Instead, he asked us only to turn our phones to silent, in non-vibrate mode, and to keep them closeted in bags or pockets throughout.

This was accompanied with warnings about the extreme sensitivity of the theatre’s acoustics and of the actors’ vulnerability to distraction by unwanted sound and lights.

Reminded powerfully of the social death that would result from my phone bleeping at a quiet moment, I treble-checked that mine was muted, before pocketing it.

Then, just as the play began and with a sensation of my blood curdling, I remembered the new Apple Watch – bought in a weak moment recently – now adorning my wrist.

The watch does so many intelligent things, I still don’t know what half of them are. But many involve beeps, vibrations, and verbal prompts.

Indeed, only the night before, when I had also forgotten it was there, the watch had interrupted the start of a talk I was giving with a spoken update about my daily exercise routine.

My mild embarrassment on that occasion earned a laugh from the audience. But I doubted the Gate would be so forgiving.
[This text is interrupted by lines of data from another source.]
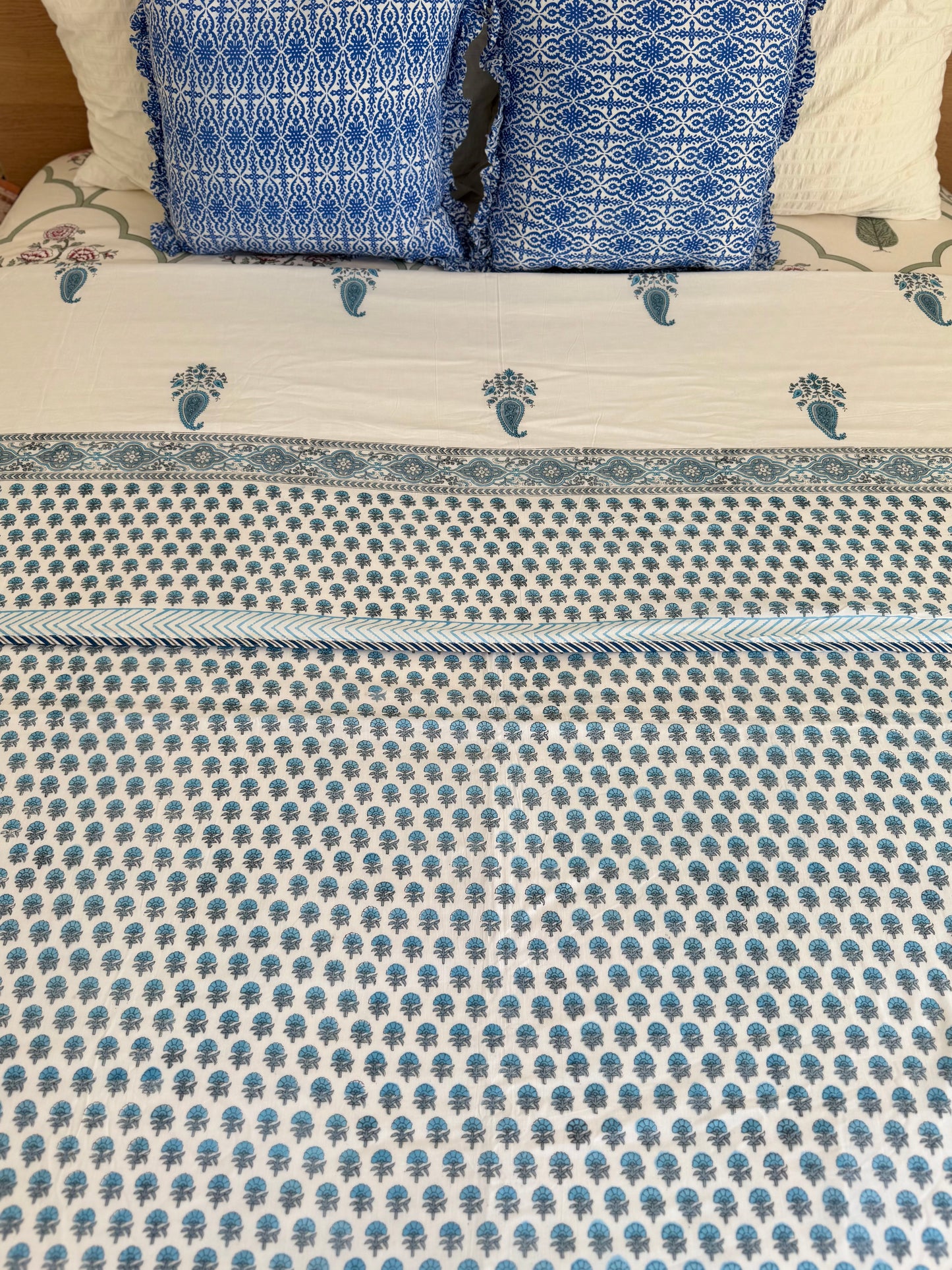 House of Mulmul - Coverlet Dohar blanket. Bedroom with reversible cotton coverlet blanket. Muslin dohar with boota paisley leaf and blue and grey colors, white background.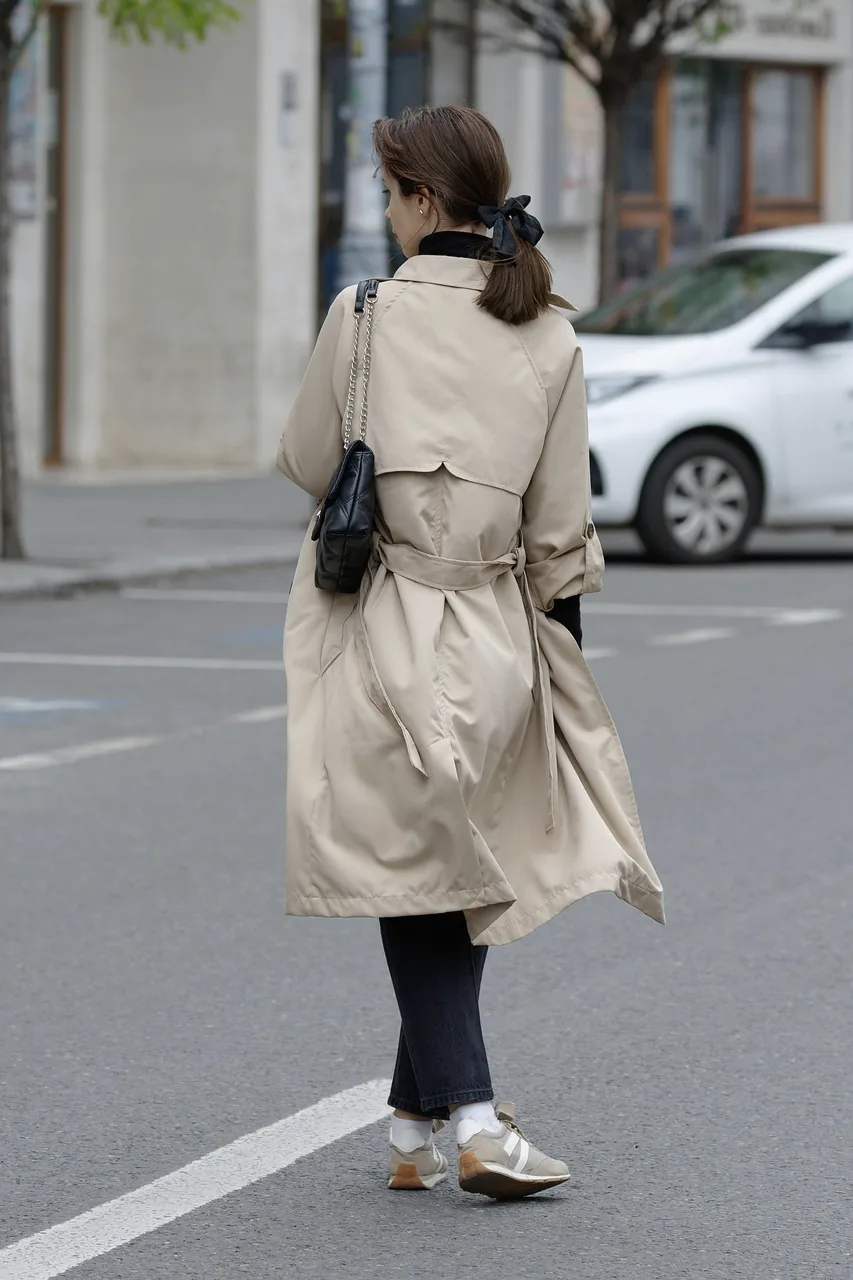 A woman in a beige trench coat walking away from the camera across a city street.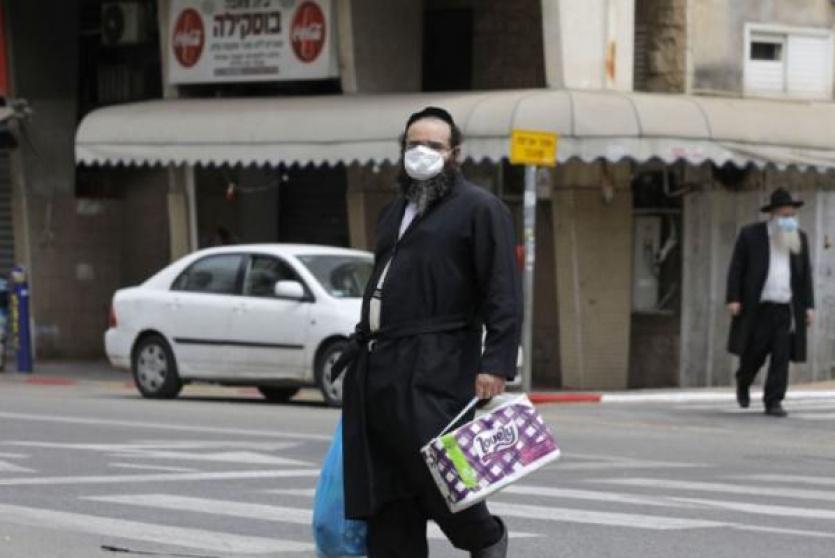 مستوطن يرتدي كمامة 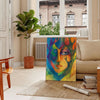 Abstract expressionism with green and blue hues, depicting creative energy - in a Parisian living room with a sofa and a fig plant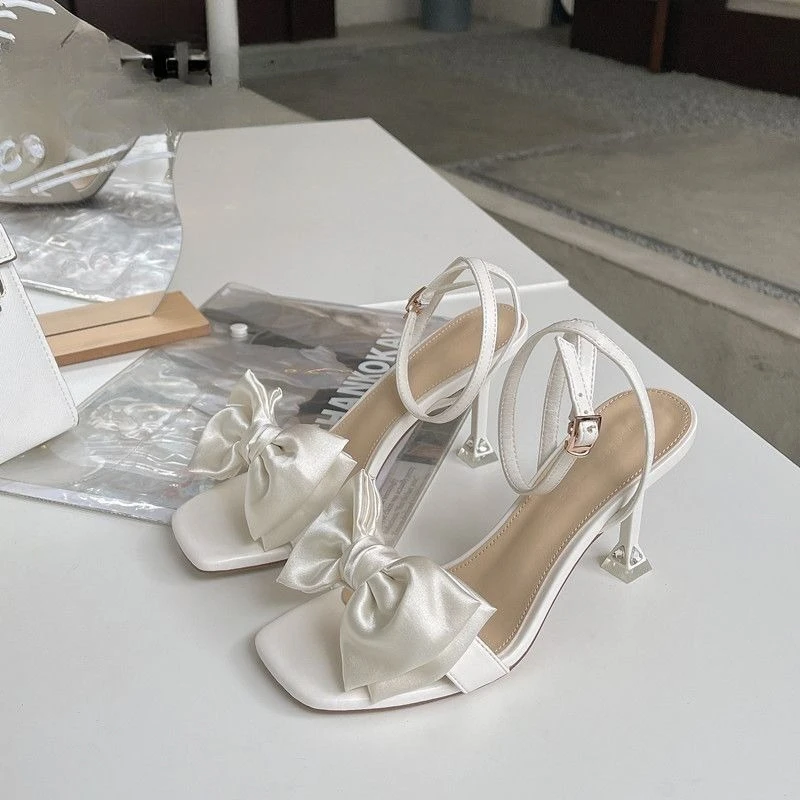 

Fairy Core Sandals Women 2026 Spring Summer White Bowknot Square Toe Single Strap Dress High Heels​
Unfortunately, it was too late now to find out how to mute the watch.

Instead, I pulled my shirt and jumper sleeves down over it. Then I clamped my right hand over left wrist for the entire performance, hoping to strangle any vibrations at birth.

Mercifully, there wasn’t a peep from the watch throughout.

Perhaps it too had heard the front-of-house man’s speech and entered a self-imposed coma. It wouldn’t surprise me if it can do that.

Soon it was bossing me around again, as usual. I don’t think it was a comment on the play, as such – although the watch is American and may be easily enthused by theatre – but the first thing it told me afterwards was that I hadn’t reached my daily target for standing.